Levei três anos fazendo esse disco, conta o rapper, na quinta-feira, 16, um dia antes da chegada do álbum, lançado pela Laboratório Fantasma, às plataformas digitais – o formato físico estará nas lojas a partir de 8 de dezembro. São muitos detalhes, de batidas, de produção. Quando anunciamos o projeto, não tínhamos investidores. Éramos nós, mesmo. E só.
Coruja tem um plano, uma visão de carreira. Me preocupei bastante com esse disco, porque queria dar início à minha discografia, explica. É um álbum que mostra a minha história até aqui. Apresenta as minhas ideias e se encaixa nessa minha determinação.
No Dia dos Nossos é um disco que rebate o mundo ao seu redor. A partir da canção de abertura, chamada N.D.D.N. – sigla também usada em um formato encurtado do nome do álbum -, cujo vídeo coloca o rapper amarrado a uma cadeira, cercado por agressores que, ao ouvirem suas rimas, passam a tomar consciência. E Coruja é direto, sem abrir mão da fúria guardada dentro dele. Se eu me ajuntar com meus amigo, eu fiz panela / Se eu vencer com meu talento, eu sou vendido / Se aparecer na mídia, esqueci a favela / E se eu abraçar opinião de terceiros, eu tô f… , diz uma das estrofes da música. Revolução pra alguns é nascer e morrer na m… / Falecer no anonimato com conta e um sonho frustrado / Já que viver do que ama por aqui é pecado / Que é bonito, a gente lavar prato e ser empregado / É bonito, a gente ser peão de um engravatado / É bonito, a gente ser alvo fácil no enquadro.
E essa é só a primeira música – mas também é a mais agressiva. Coruja descreve No Dia dos Nossos como um filme que passa pela sua cabeça. Nasce desse lugar e momento no qual, diante da atenção recebida, ele também vivia dias de questionamento. Para onde ir, no rap, afinal? Qual caminho seguir.

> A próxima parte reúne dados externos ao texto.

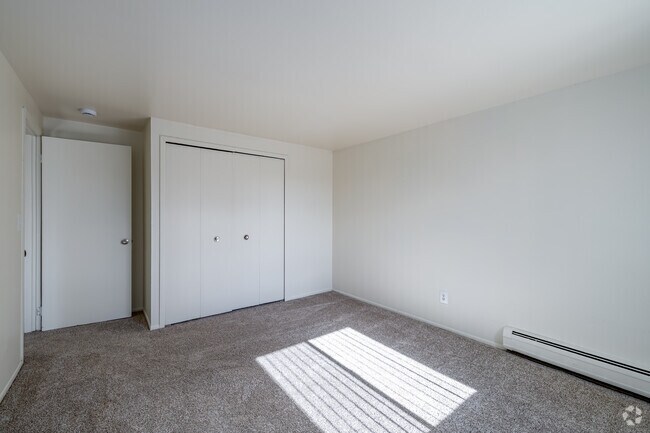 2 habitaciones, 1 baño - 830 pies cuadrados - Habitación principal - Taylor Park Townhomes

Coruja faz da sua busca pela tranquilidade a trajetória deste álbum. Na segunda metade do disco, os beats arrefecem. A angústia também. Eclesiastes (com vocais do ótimo Godô), Escute-Me (uma bela surpresa com o refrão cantado por Tiê) e De Fã para Fã, Coruja discursa sobre a aceitação. O ápice se dá com Roteiro de Chaplin, a última do álbum. A narrativa é fluida, sem maniqueísmos.
Aos 23, Coruja exibe maturidade acima da média como reflexo da vida que teve. Perdeu o pai aos 13 anos, saiu de casa aos 18. Dormiu na rua, viveu de favor. Não estou dizendo que sei tudo. Tenho muito a aprender, diz. Mas o que sei é que a gente não é 100% amor nem 100% ódio. Somos equilíbrio.